The firm would also focus on the Singaporean M&E business market by riding on the country’s strong construction demand, specifically commercial, industrial and high-rise residential buildings.

According to an analyst, the firm’s M&E engineering business has a strong market presence locally, and it has undertaken works in 70% of Klang Valley buildings in the past 10 years.

AWC was currently undergoing the second and implementation stage of its restructuring exercise and expected the revamp to reach completion by the end of this year (2008).

AWC will incur restructuring and other related costs, with its M&E services’ order book thinning, but the management is confident that it will capture more market share next year (2009).

Financial Results …

The firm slipped into the red for its second quarter ended Dec 31, 2007 (2QFY08), even though turnover increased 3% to RM27.8 million from RM27 million a year earlier due to lower margins of certain businesses in its M&E division.
AWC’s net profit for the fiscal year ended June 30, 2007 (FY07), rose 24% to RM6.2 million from RM5 million the previous year due mainly to the inclusion of Infinite QL Sdn Bhd.
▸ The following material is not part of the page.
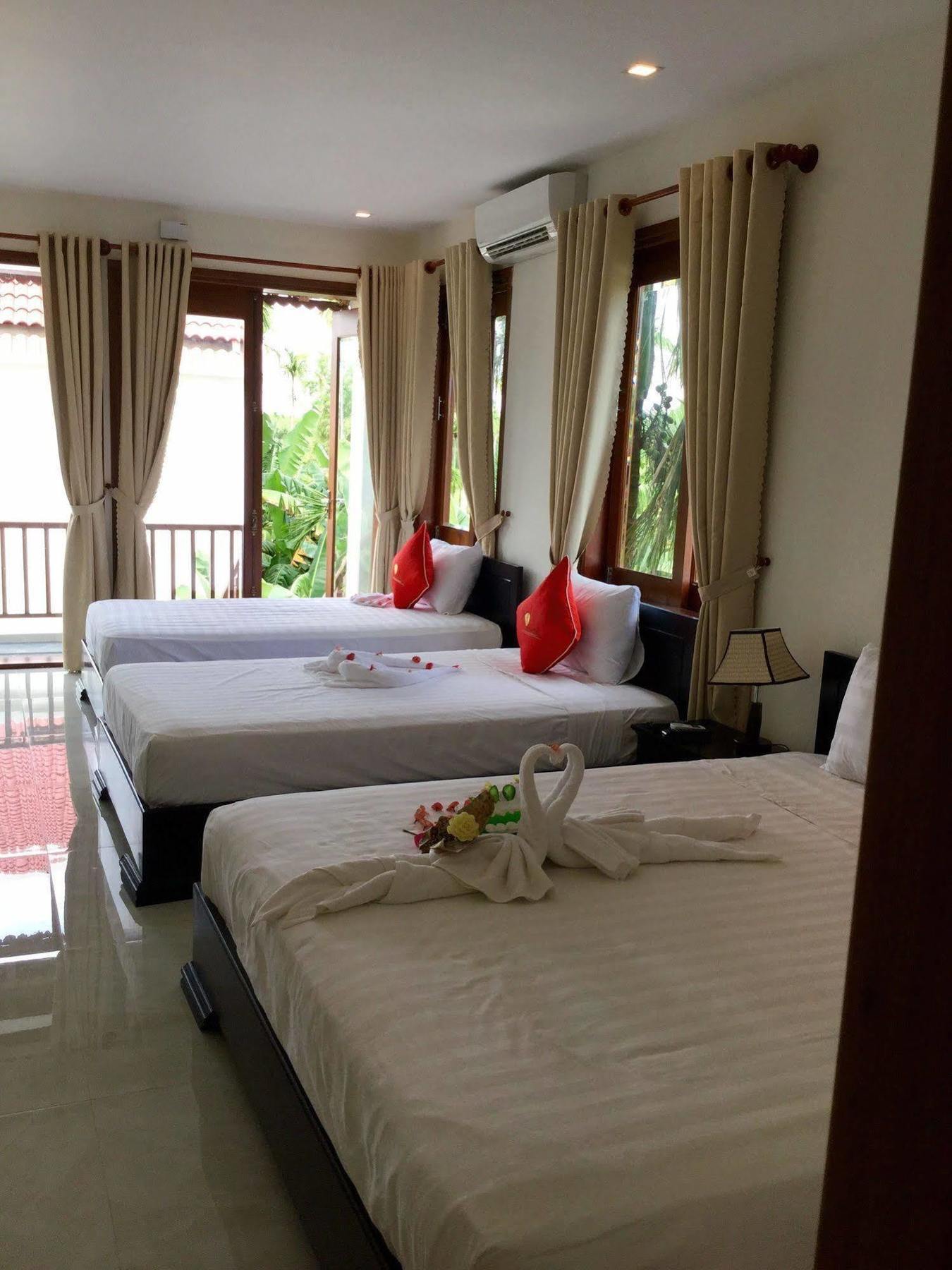 New Sunshine Homestay Hội An Buitenkant foto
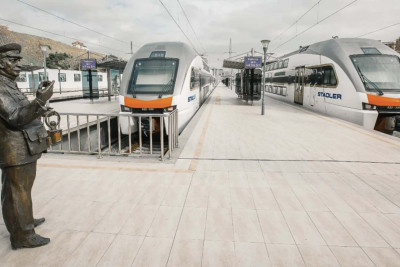 Bakı-Sumqayıt qatarlarında kağız biletlər ləğv edilir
Revenue grew 24% to RM107.2 million from RM86.5 million a year ago, while net cash from operations jumped to RM22.9 million from RM2.6 million. Long-term debt narrowed to RM2.7 million from RM3.2 million.

AWC’s IFC division, which derives most of its revenue from public contracts to maintain buildings and facilities, also enjoys a stable stream of revenue that provides recurring cash flow.

The division currently holds a 10-year concession agreement, which will end 2008 with a renewal option for another five years, to maintain federal government buildings in Johor, Melaka, Negeri Sembilan and Sarawak.

AWC generated minimum revenue of RM25 million annually from the contracts, which is expected to increase upon the renewal for another five years due to the increase in raw material prices.

It had also landed a three-year RM10 million worth of jobs early 2008 to undertake building maintenance works at the Prime Minister’s office in Putrajaya.

AWC would also expand into the private sector and expected revenue contribution from both sectors to equal within two to three years. The private sector currently contributes less than 30% to group revenue.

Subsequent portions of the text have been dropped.